They are not meant to dance or smoke cigarettes so that some heartless Kalandar can earn his bread and butter. Speaking of Kalandars and bear dances this is now history. Just five days back, Raju the last dancing bear in India was rescued from Belgaum, Karnataka and brought to the Bannerghatta Bear sanctuary.
Wildlife SOS, which has been undertaking this operation country wide has a centre in Bangalore. At the Bannerghatta national park they run a bear rehabilitation camp which at the moment houses around 90 bears of whom have been rescued from the Kalandars across the country.
Raju the last of the dancing bears currently is in the camp and one must say there is both sorrow and joy when one sees him. We feel happy that he is out of that horrible world that he was in and the sorrow is when sees that very obviouos trauma that he has gone through. His nose has been injured and he is extremely dull. The people at the camp say that he is yet to get used to his new environment and there is another 3 to 4 months before the acclimatizing process comes to an end.

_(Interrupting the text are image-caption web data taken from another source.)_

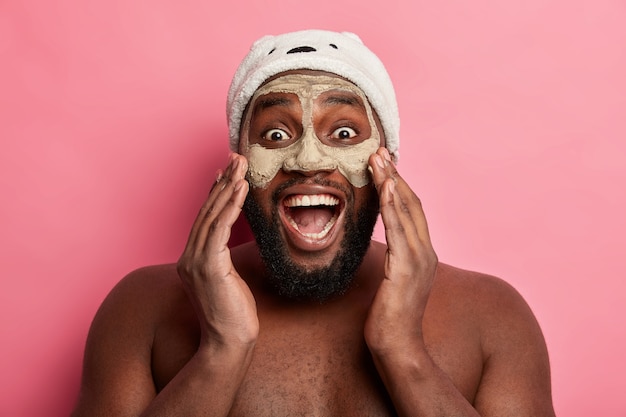 Man wearing cosmetic mask on face for dermatology skincare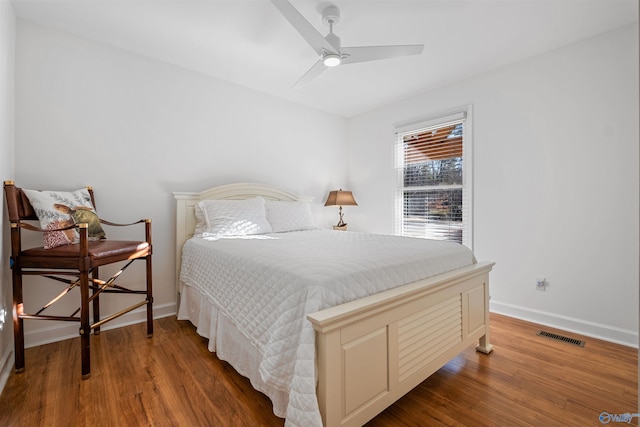 bedroom featuring visible vents, a ceiling fan, baseboards, and wood finished floors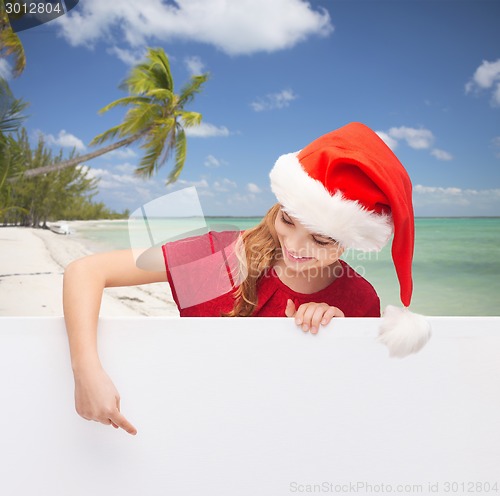 Image of girl in santa helper hat with blank white board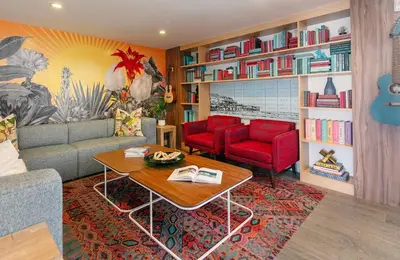 a living room with a couch and two red chairs at The Wayfarer San Diego in San Diego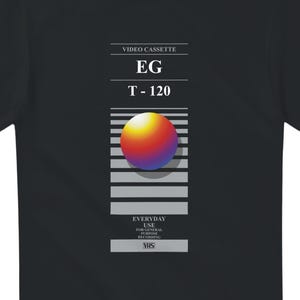 May include: Black t-shirt with a retro VHS tape design. The graphic includes the text "VIDEO CASSETTE", "EG", "T-120", and "EVERYDAY USE". A colourful sphere is centered on the tape design.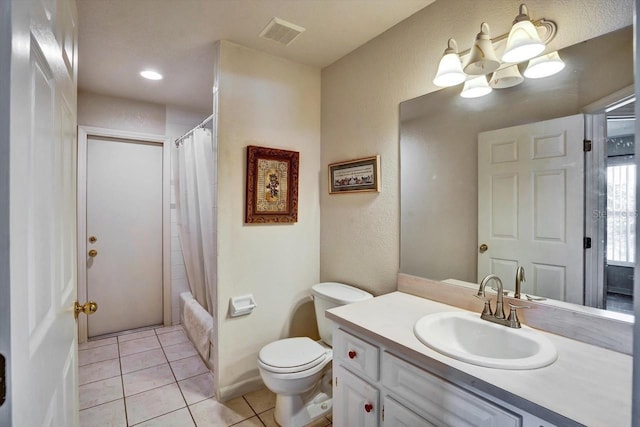 130 Evergreen Dr, Auburndale, FL 33823 - bathroom with a textured wall, vanity, tile patterned floors, and shower / bath combo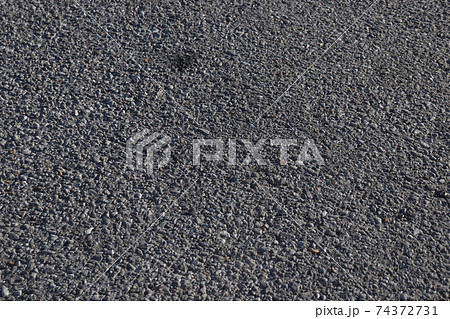 道路 地面 アスファルト 小石の写真素材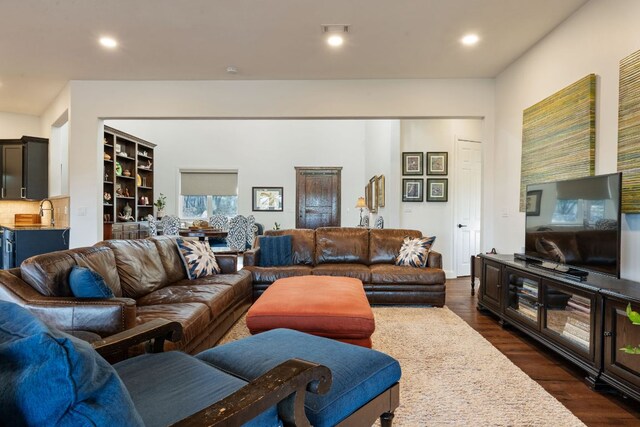 124 Hoskins Trl, Boerne, TX 78006 - living area with dark wood finished floors and recessed lighting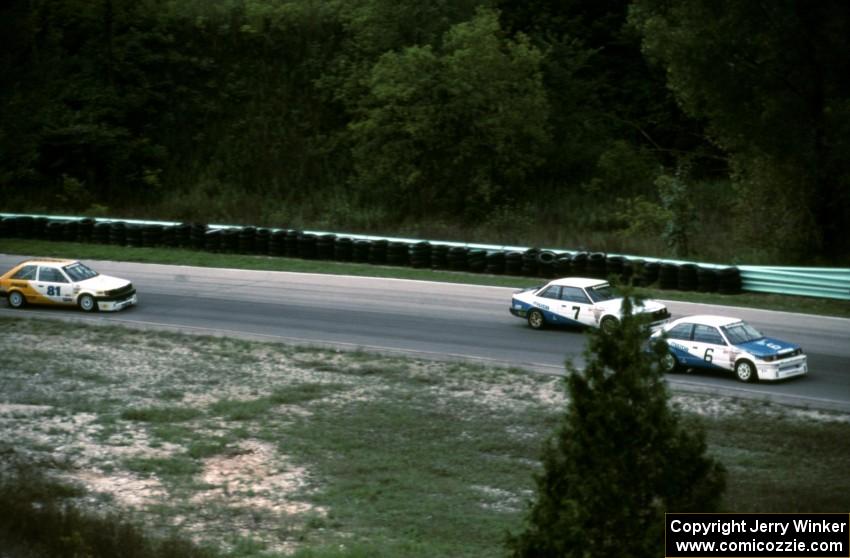 Dennis Shaw's Mazda 323, Amos Johnson's Mazda 626 and Dave Jolly's Mazda 323 out of the carousel on the pace lap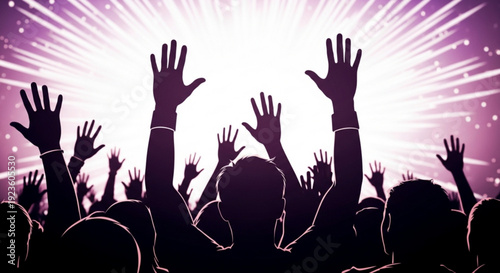 Silhouette of a crowd of people with hands raised in a concert or festival setting with bright purple and white lights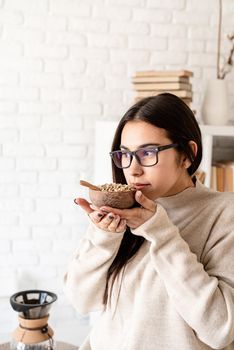 Alternative coffee brewing. Young brunette woman brewing coffee in chemex, smelling green coffee beans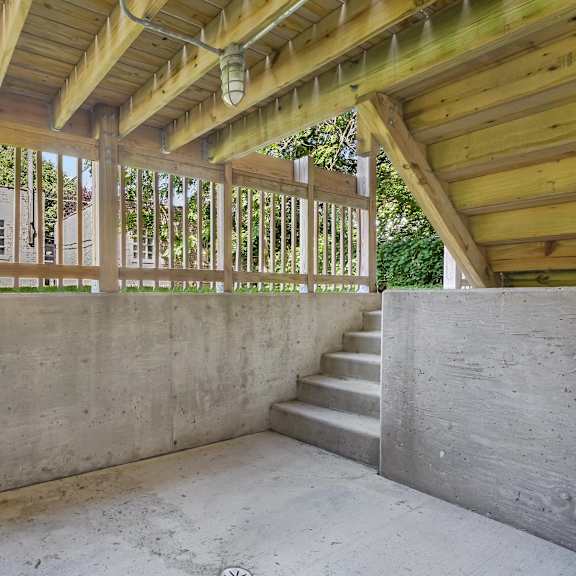 a wooden balcony with concrete stairs and walls.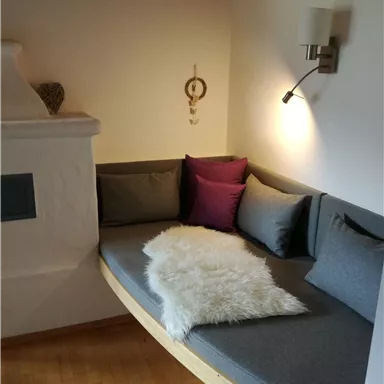Ein gemütlicher Sitzbereich mit grauen Kissen und einem weißen Fell. Die Wand ist hell, und eine Lampe sorgt für sanftes Licht.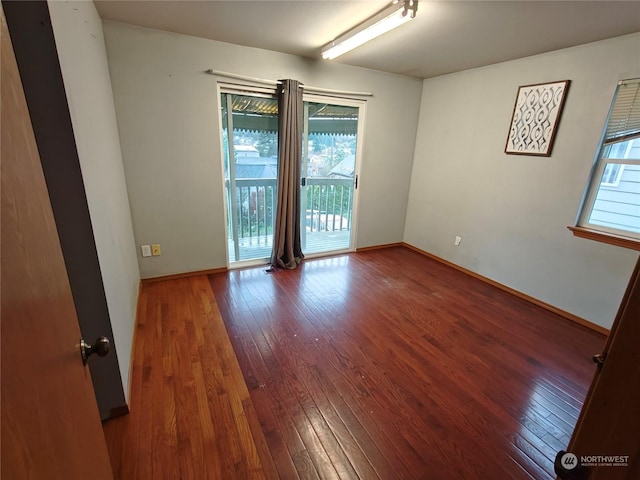 unfurnished room with dark wood-type flooring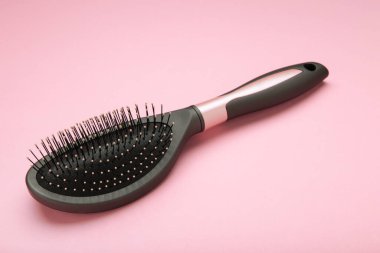 Pembe arka planda masaj saç fırçası. Mesaj için yer var. Üst görünüm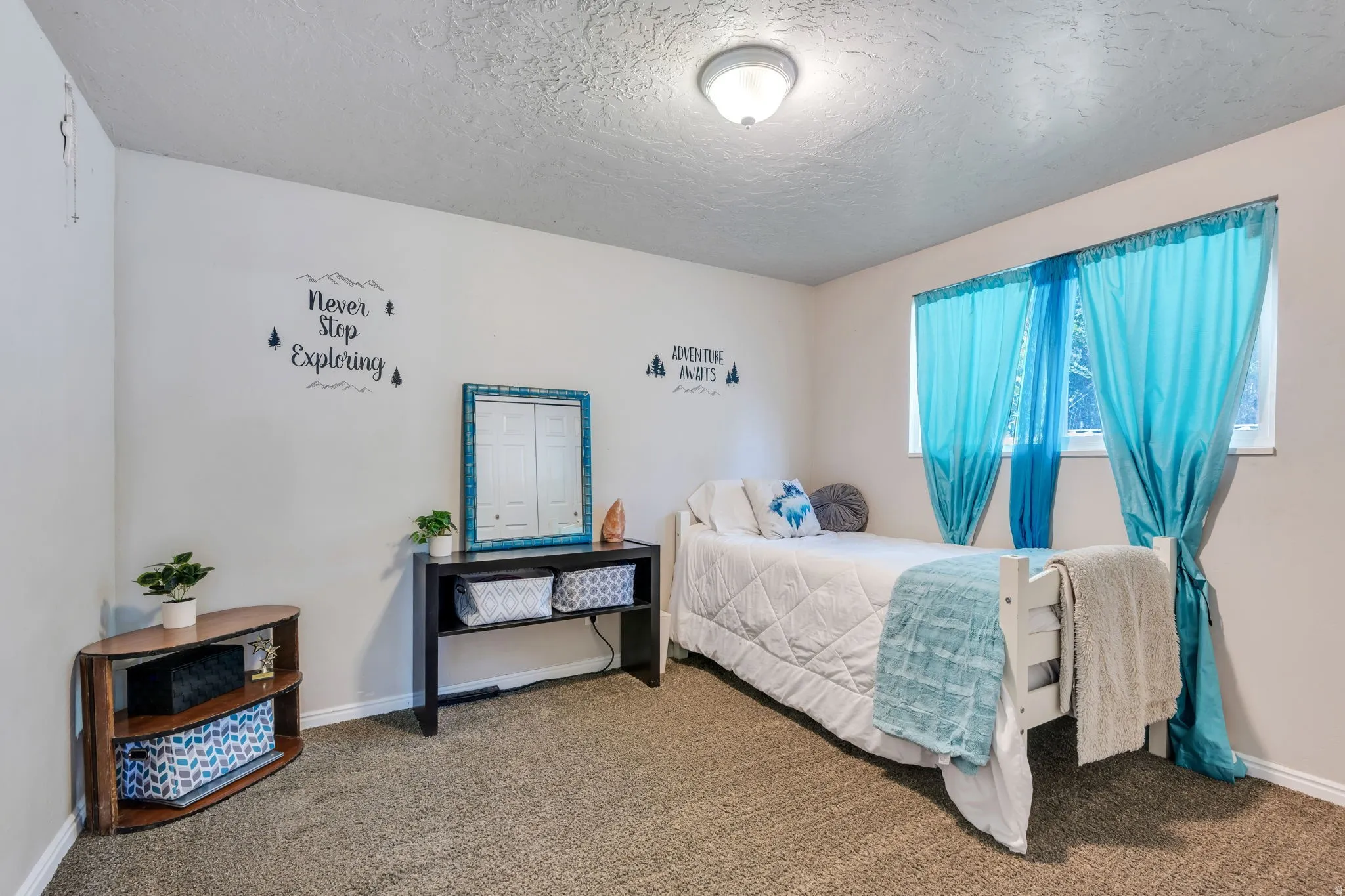 Carpeted bedroom featuring a single window, white trim, a flush-mount ceiling light fixture, and textured ceilings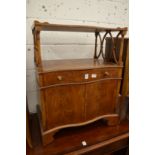 A small yew wood lamp table or side cabinet with a single drawer and a pair of doors.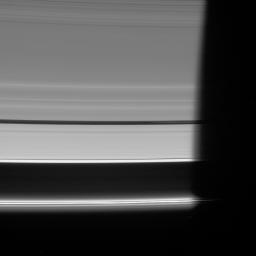 NASA's Cassini spacecraft looks down at the unlit side of the rings as Pan heads into Saturn's shadow. The moon is accompanied by faint ringlets in the Encke Gap.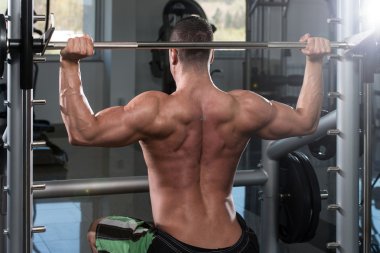 Omuzlar için ağır egzersiz yaparak erkek vücut geliştirmeci
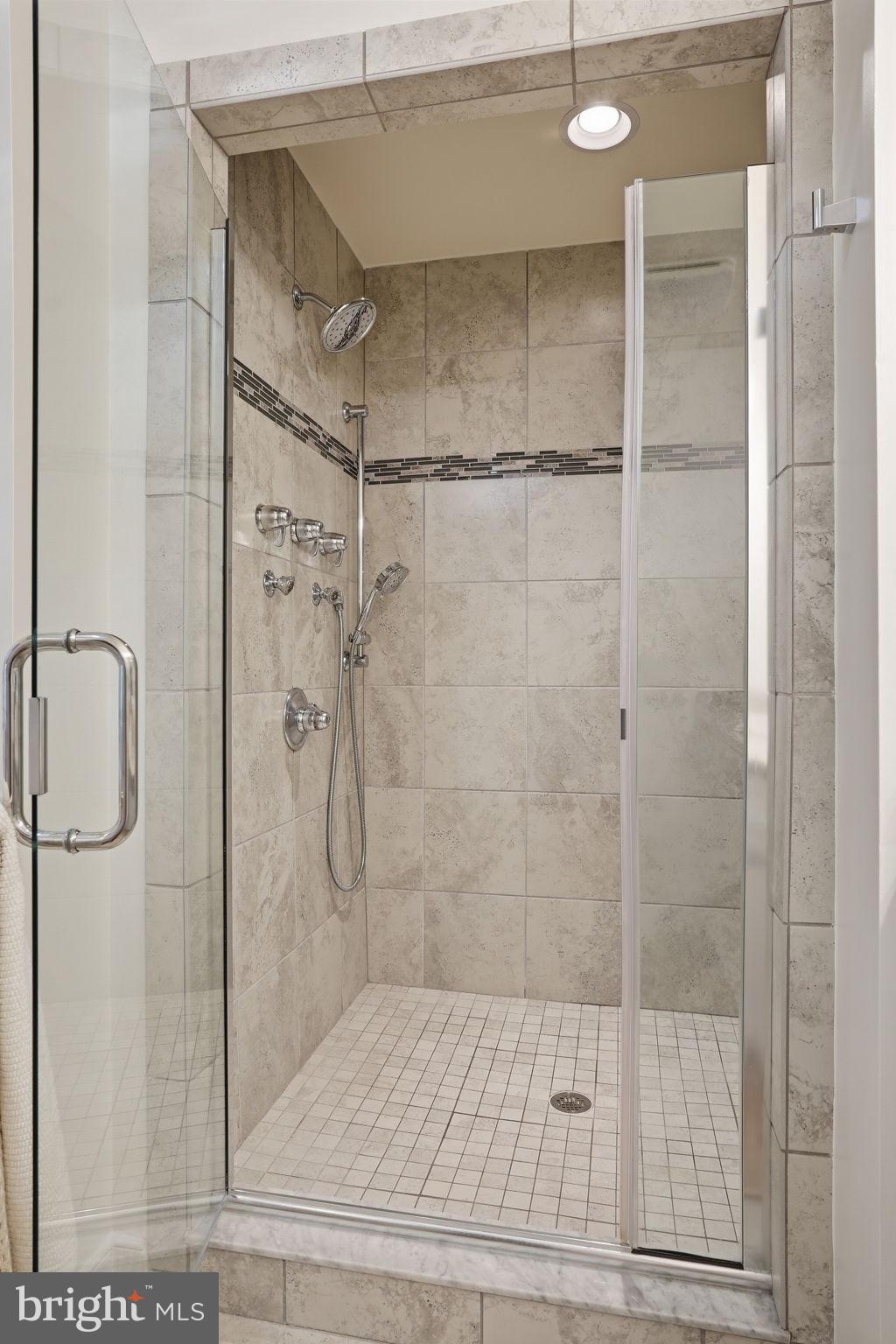 126 Admirals Ridge Drive Arnold, MD 21012 - Photo 20 of 58 a bathroom with a glass shower door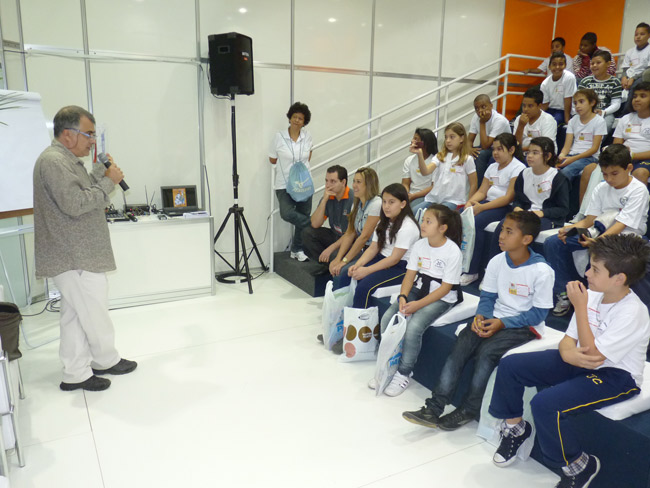 José Santos em pé palestrando para crianças sentadas em auditório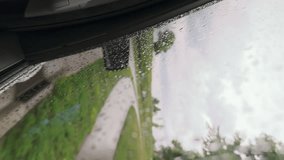 Vertical video. View of the green rural landscape from the driving car. Raindrops on the window. Driving along the road in the countryside at summer rain, view of green grass and trees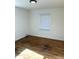 Bright bedroom featuring gleaming hardwood floors and a window to allow for natural light at 2631 Mcleay Dr, Indianapolis, IN 46220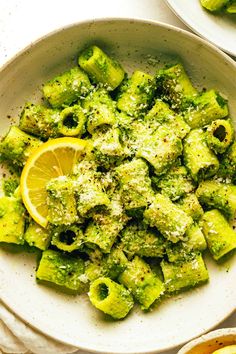 a white bowl filled with broccoli covered in pesto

Each bear in the camp has a story to tell. Dr Yaduraj of Wildlife SOS who took us around the camp says that there are various levels before a bear is completely fit to roam around with the other bears in the sanctuary. After the bear is rescued he is brought to the camp and first quarantined. Most of these bears suffer from various ailments and TB is most the common. Once he is treated, he goes through the acclimatization process. He is kept in isolation in the beginning and only after a couple of months is he allowed to meet with the other bears in the camp. Each bear has a different nature. The new bears are first allowed to mingle with the friendly bears. Once they get used to the company, they are permitted to mingle with the rest of the bears. This process goes on for a couple of months and only once they are fully ready, they are sent to the bear sanctuary along with the rest of the bears.
The transition is amazing. It breaks your heart to see a bear that has just been rescued. However once they are allowed to mingle, the bears are more active. They are friendlier towards the other bears and are responsive when you call out to them. However the real achievement is when these bears are sent to the sanctuary. One could say that they become bears once again and all the natural characteristics are visible. A jeep filled with watermelons makes its rounds through the sanctuary and this exercise is known as fruit feeding. As we drive through the sanctuary, these bears recognize the sound of the jeep and just out of no where the entire road is filled with the bears who come running to the jeep. We are asked to lower the windows since most of these bears stand right up to you in the anticipation that we would be feeding them today. However once they are given their watermelon, they don’t appear to be bothered about your presence. The characteristics too are very natural once in the sanctuary. They are pretty aggressive and there is this regular fight among each other for space, which is only an indication that they have become bears again after suffering all these years of trauma at the hands of the Kalandar.
Dr Yaduraj says that it is quite a process and they have to deal with them with extreme care. We ensure that the bears forgets everything about his past and we also give it new names other the one which was given by his Kalandar or handler. Some bears adopt very quickly but there are others who take a while longer. Even the feeding pattern we are particular about. Most of these bears come here with no teeth since they are pulled out. We give them a lot of porridge and once they become normal, they are given fruits, he says.
The Bannerghatta bear rescue centre is one of the four centres which has been set up by Wildlife SOS in association with Free the Bears Fund from Australia, Britain’s International Animal Rescue and One Voice Association from France.
Rescuing these bears has not been an easy task. Most of the Kalandars were promised that they would not be arrested if they came up voluntarily and handed over the bear. Raje Saab, the handler or the Kalandar of Raju was given Rs 50000 to give up the bear. This money was given so that he could start a new life. He says that he is happy that he could give up the bear to a place where he would be taken care of. I can now start my life afresh with the money I have been given, he says.